**Problem**: From the records that follow, return exactly the lines beginning at the one that contains "Really tasty and" and ending at the one that contains "PRESTIGIOUS FAMILY LIVING!", pictures left out.

**Supplied data**:
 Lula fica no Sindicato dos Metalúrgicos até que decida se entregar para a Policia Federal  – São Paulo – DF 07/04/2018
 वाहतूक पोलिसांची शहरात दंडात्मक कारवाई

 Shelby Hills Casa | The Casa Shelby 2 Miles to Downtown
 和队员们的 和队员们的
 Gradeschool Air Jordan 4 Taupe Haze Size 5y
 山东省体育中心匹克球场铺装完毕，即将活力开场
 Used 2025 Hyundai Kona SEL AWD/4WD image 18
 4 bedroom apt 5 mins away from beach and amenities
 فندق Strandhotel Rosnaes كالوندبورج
--
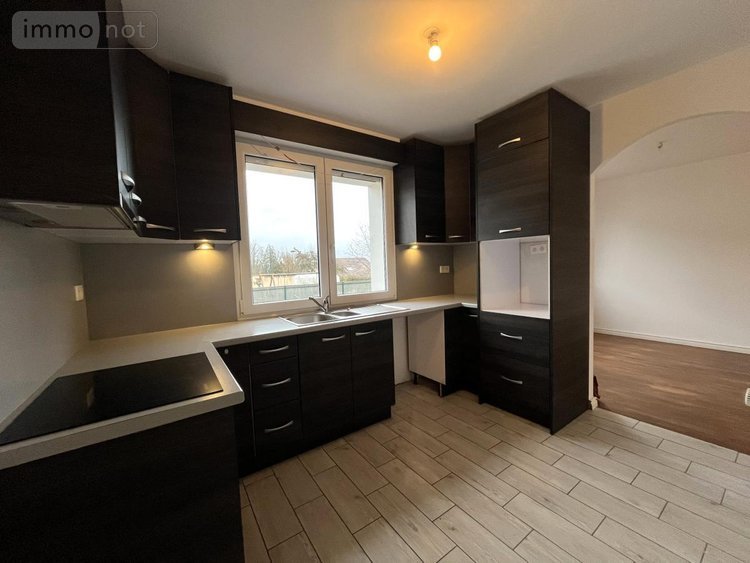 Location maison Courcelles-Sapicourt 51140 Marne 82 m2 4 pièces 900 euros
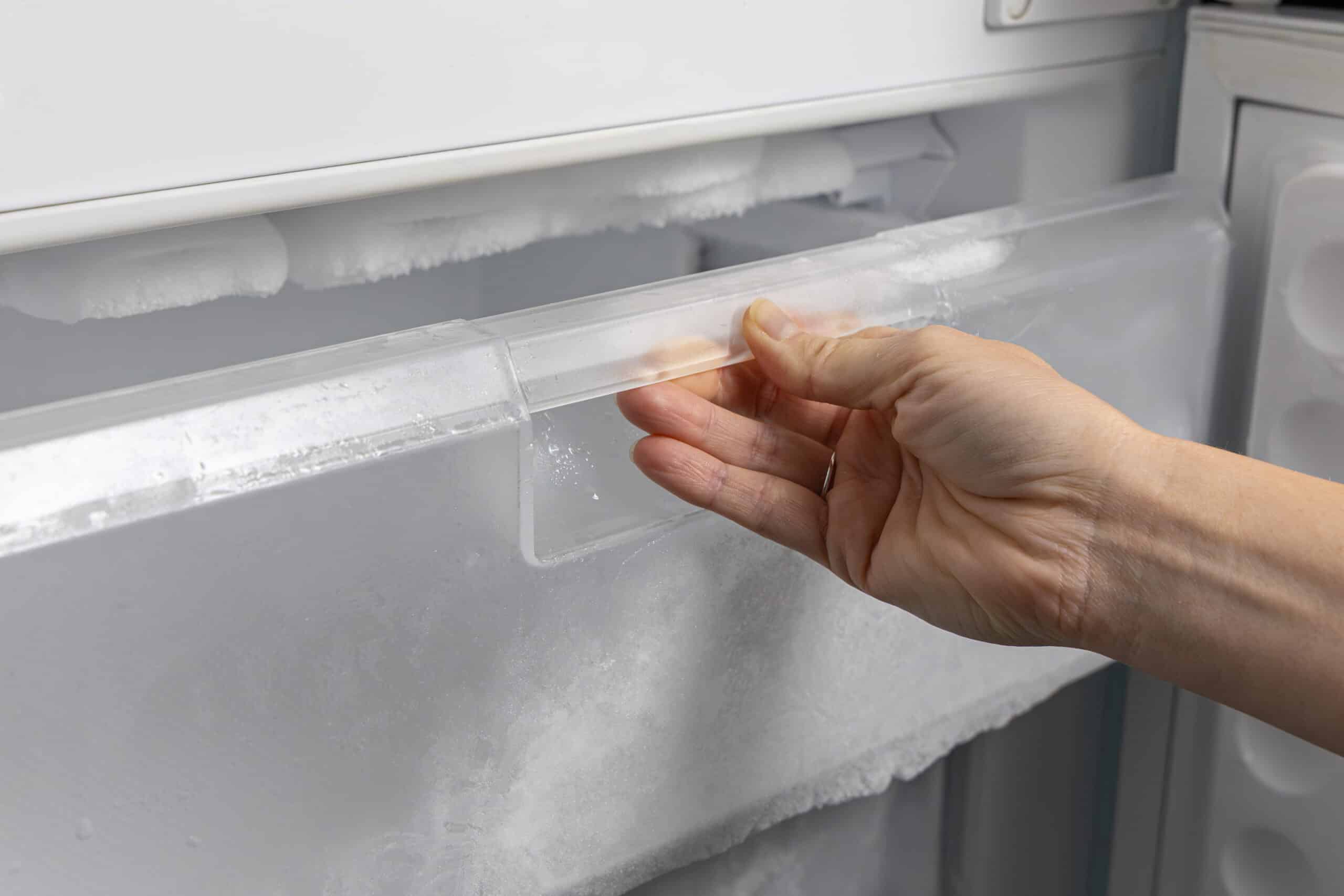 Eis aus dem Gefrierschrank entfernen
...
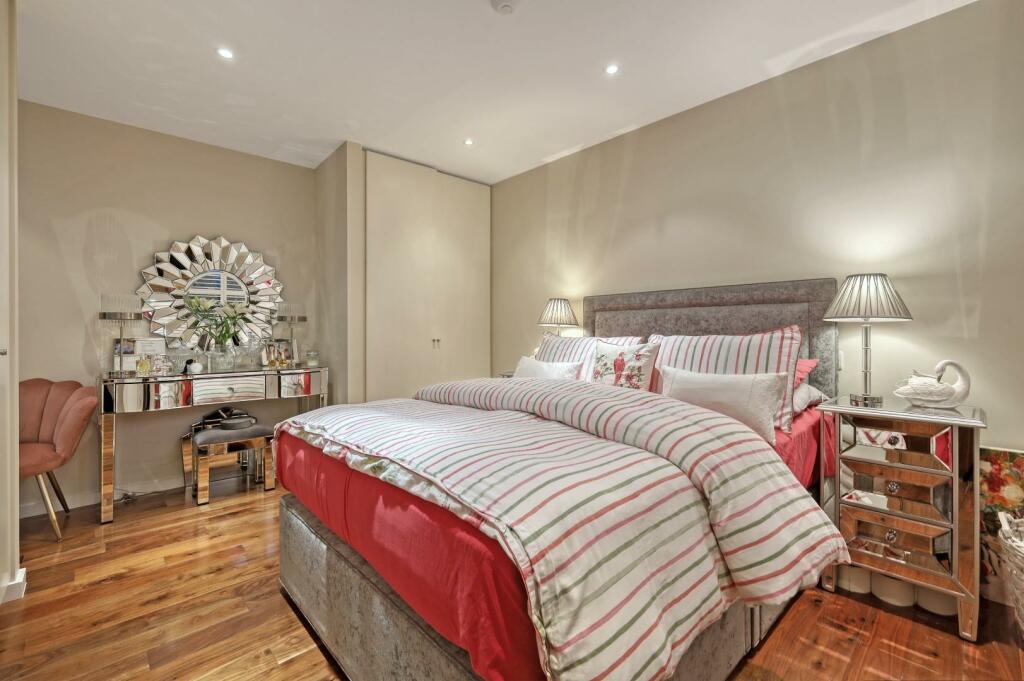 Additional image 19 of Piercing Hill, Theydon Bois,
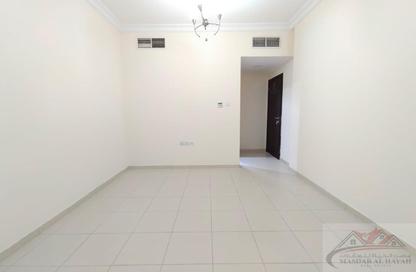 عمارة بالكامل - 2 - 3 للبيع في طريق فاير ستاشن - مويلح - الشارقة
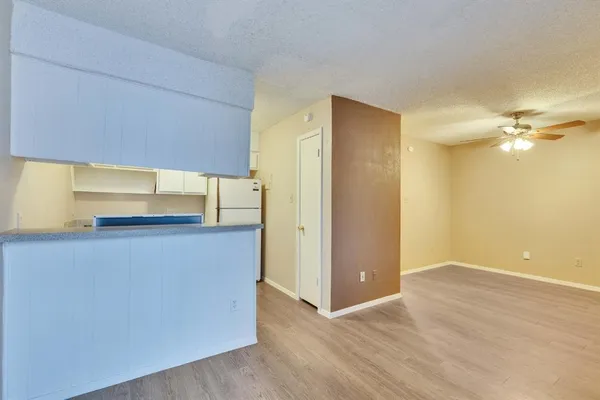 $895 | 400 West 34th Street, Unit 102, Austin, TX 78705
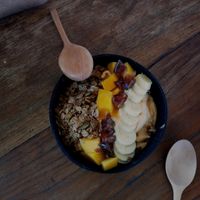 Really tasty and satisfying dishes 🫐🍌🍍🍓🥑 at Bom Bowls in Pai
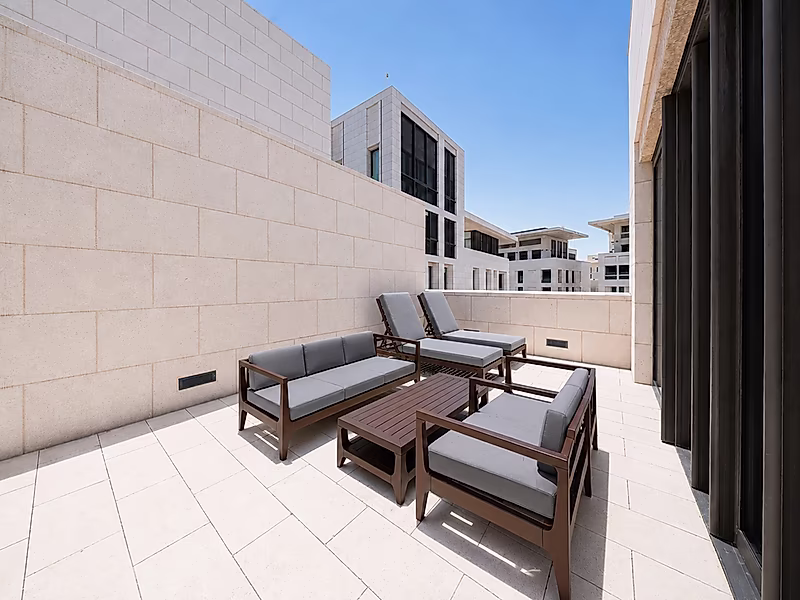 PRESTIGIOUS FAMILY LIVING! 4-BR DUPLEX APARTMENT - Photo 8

**Output for this task**:
 Really tasty and satisfying dishes 🫐🍌🍍🍓🥑 at Bom Bowls in Pai
 PRESTIGIOUS FAMILY LIVING! 4-BR DUPLEX APARTMENT - Photo 8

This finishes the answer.